## Prompt:
From the listing that follows, reproduce only the lines from the one holding "Hello everybody, we're" through the one holding "We conduct most", both included, with no pictures.

## Given data:
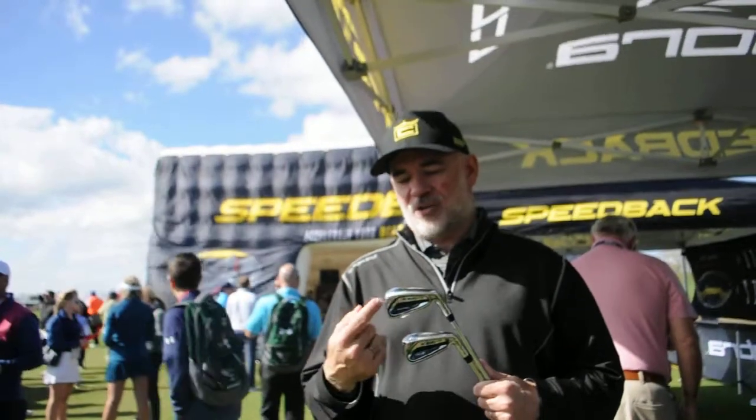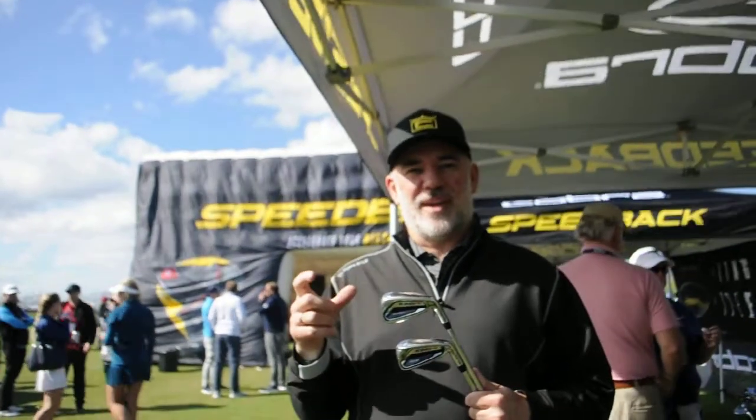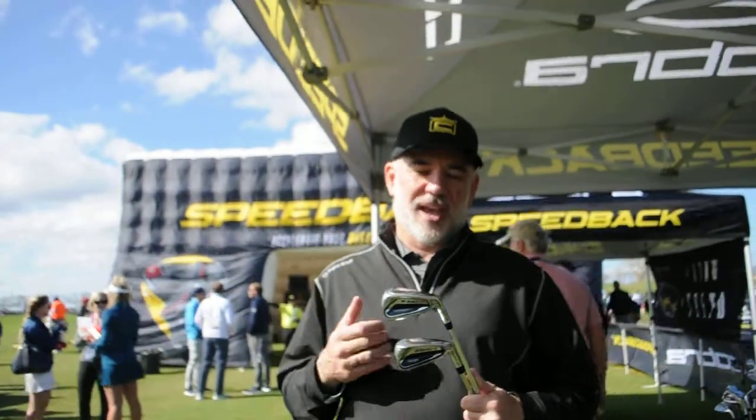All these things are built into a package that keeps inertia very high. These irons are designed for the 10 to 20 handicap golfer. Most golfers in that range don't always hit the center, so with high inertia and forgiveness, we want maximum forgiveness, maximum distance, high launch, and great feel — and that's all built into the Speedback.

--

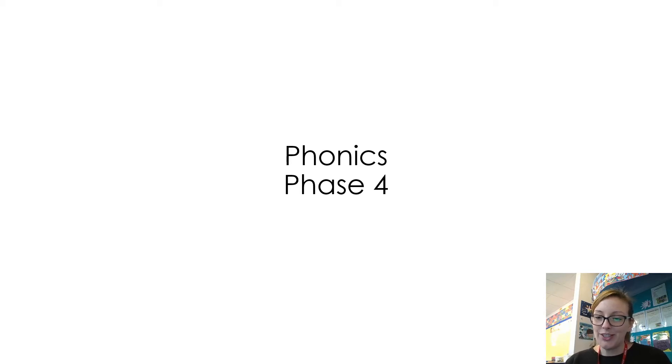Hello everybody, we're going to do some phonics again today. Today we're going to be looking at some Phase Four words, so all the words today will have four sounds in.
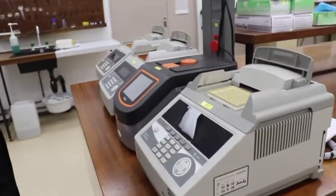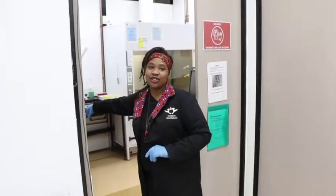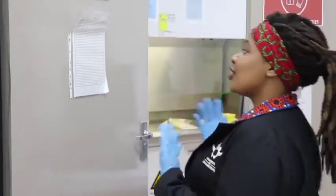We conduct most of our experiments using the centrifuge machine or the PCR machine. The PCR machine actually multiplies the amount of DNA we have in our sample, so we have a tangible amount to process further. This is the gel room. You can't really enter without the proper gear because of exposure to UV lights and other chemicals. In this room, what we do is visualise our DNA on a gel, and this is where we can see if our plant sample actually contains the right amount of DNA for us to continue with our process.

## Written response:
Hello everybody, we're going to do some phonics again today. Today we're going to be looking at some Phase Four words, so all the words today will have four sounds in.
We conduct most of our experiments using the centrifuge machine or the PCR machine. The PCR machine actually multiplies the amount of DNA we have in our sample, so we have a tangible amount to process further. This is the gel room. You can't really enter without the proper gear because of exposure to UV lights and other chemicals. In this room, what we do is visualise our DNA on a gel, and this is where we can see if our plant sample actually contains the right amount of DNA for us to continue with our process.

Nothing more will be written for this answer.